- **Work instruction**
Retype each line of the material below word for word; pictures stay out.

- **Data below**
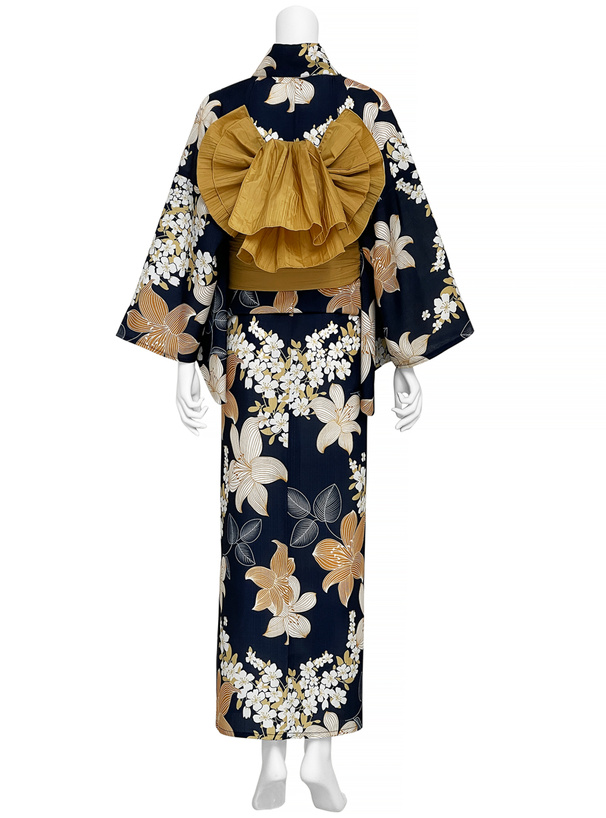 花柄浴衣セット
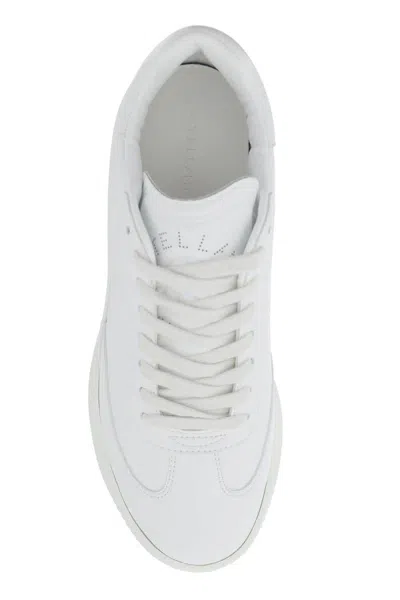 Shop Stella Mccartney Loop Sneakers In Bianco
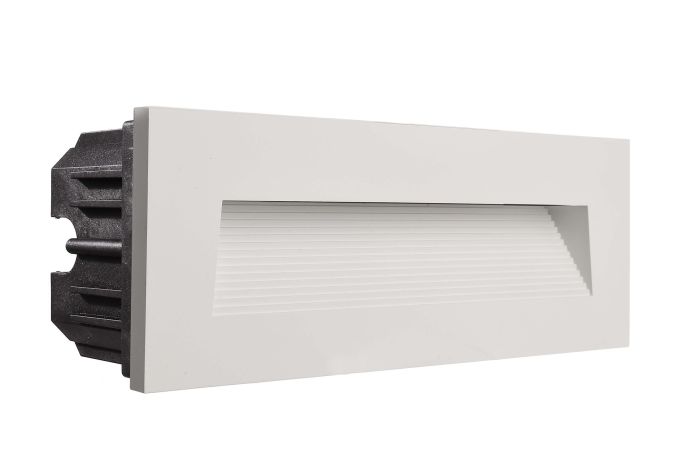 Dangtelis šviestuvui 250x90mm į sieną baltos spalvos su laiptuota skyle LIGHT BASE III OUTDOOR - DEKO LIGHT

- **Answer space**
 花柄浴衣セット
 Shop Stella Mccartney Loop Sneakers In Bianco
 Dangtelis šviestuvui 250x90mm į sieną baltos spalvos su laiptuota skyle LIGHT BASE III OUTDOOR - DEKO LIGHT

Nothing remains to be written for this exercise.